Because glyphosate herbicide (used on and accumulated by most GM crops) is being linked to cancer, and because the safety of the co-formulants used in glyphosate sprays is being questioned, Monsanto made 82 unpublished studies on these topics available for scrutiny.
By 'made available' is meant put in a reading room on industry property to which those wishing to view them are accompanied by a guard, and in which photography, internet access and memory sticks are banned.
This 'availability' was provided only after several months of pressure from MEPs who believed that there was an overriding public interest in disclosing the data used in the European Food Safety Authority (EFSA) re-authorisation of the herbicide.
On 28th September - International Right to Know Day - four environmentalists MEPs staged a protest outside the reading room to demand transparent transparency, and threatening to sue the EFSA in the EU Court of Justice if unrestricted public access to the data is not given.
A day later the EFSA discovered that it had a 'commitment to open risk assessment' and that:
"Transparency and openness are essential values for EFSA because they strengthen confidence in science. Sharing the data that underpin our work is a key ingredient in making science reproducible and therefore trusted."
EFSA commitment to 'open risk assessment' seems, however, to be hampered by its obligations under European Law to protect commercially sensitive information and the interests of the data owners.
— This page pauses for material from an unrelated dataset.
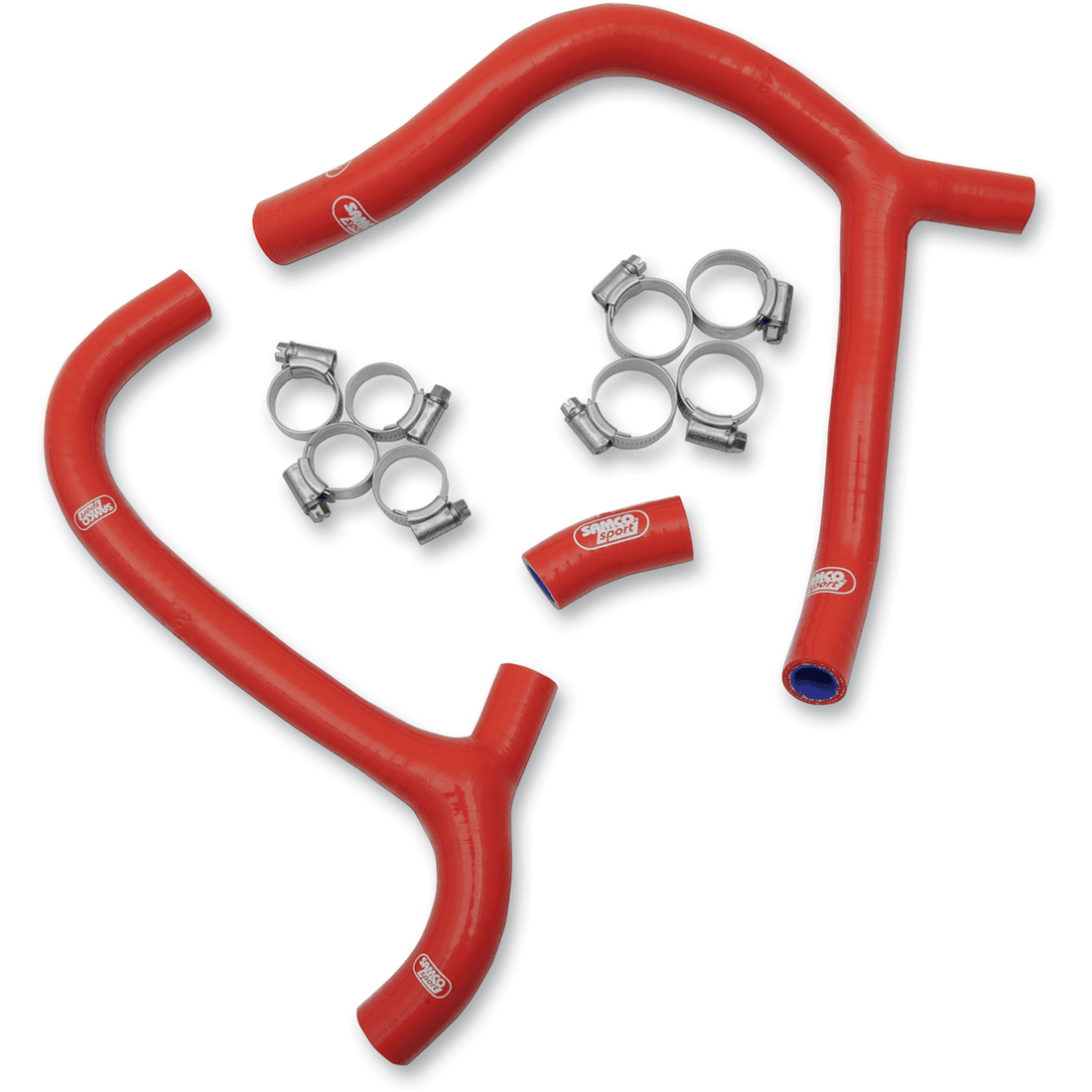 MOOSE RACING Race Fit Radiator Hose Kit Red Honda MBUHON50RD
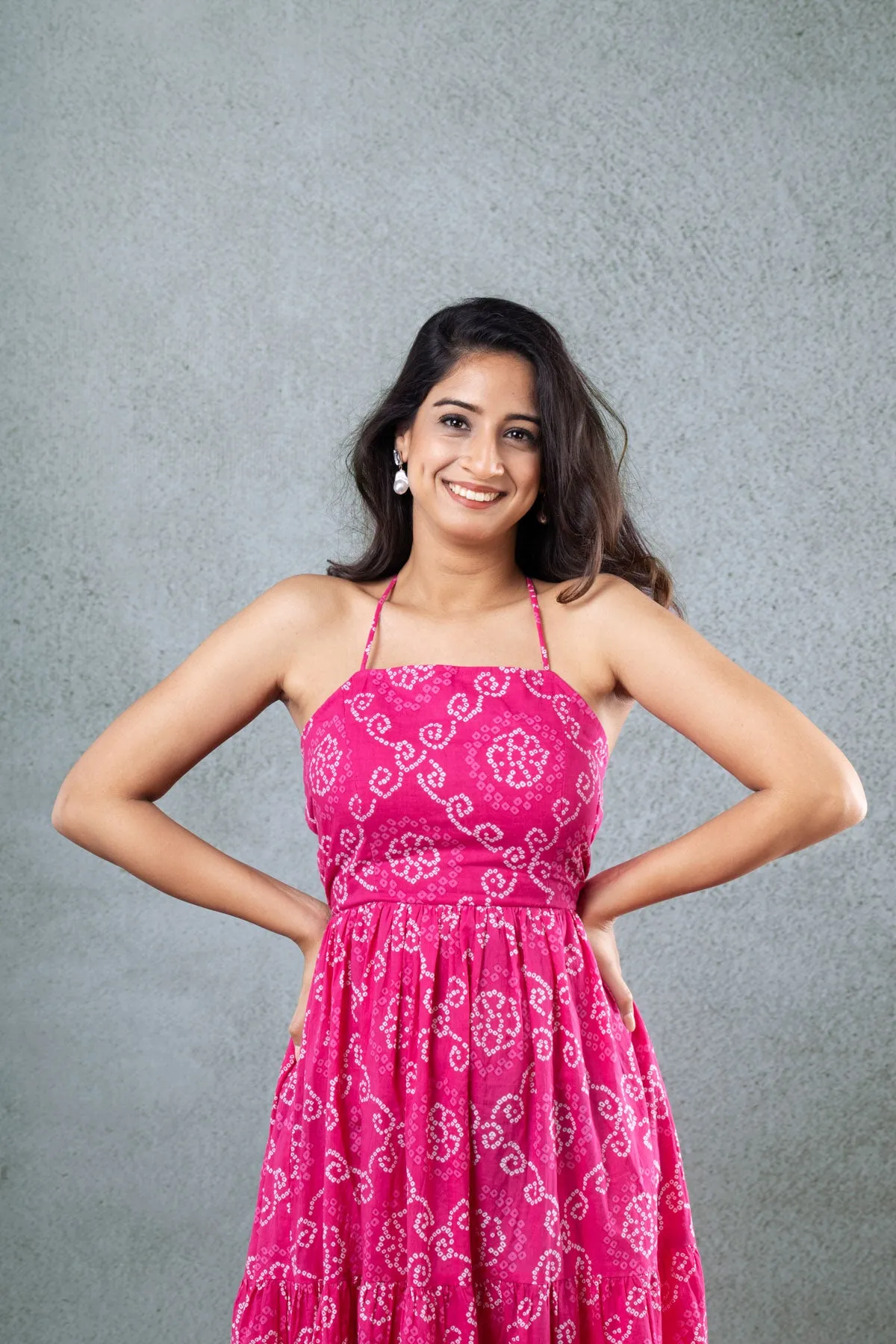 Pink Dress sold by Dri by Himadri product image thumbnail 4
The Authority went on to announce that the glyphosate data will be released to MEPs ... with the description and details of studies conducted under Good Laboratory Practice and the conclusions of the study authors blacked out. Only 14 (18%) of the experts who prepared the EFSA evaluation of glyphosate would agree to their identity being released.
'Transparency' EFSA-style seems to be a blacked-out report written by secret authors with unidentified conflict-of-interests who reached a conclusion on glyphosate safety contrary to that reached by the totally independent and transparent International Assessment of Research on Cancer (IARC) just the year before.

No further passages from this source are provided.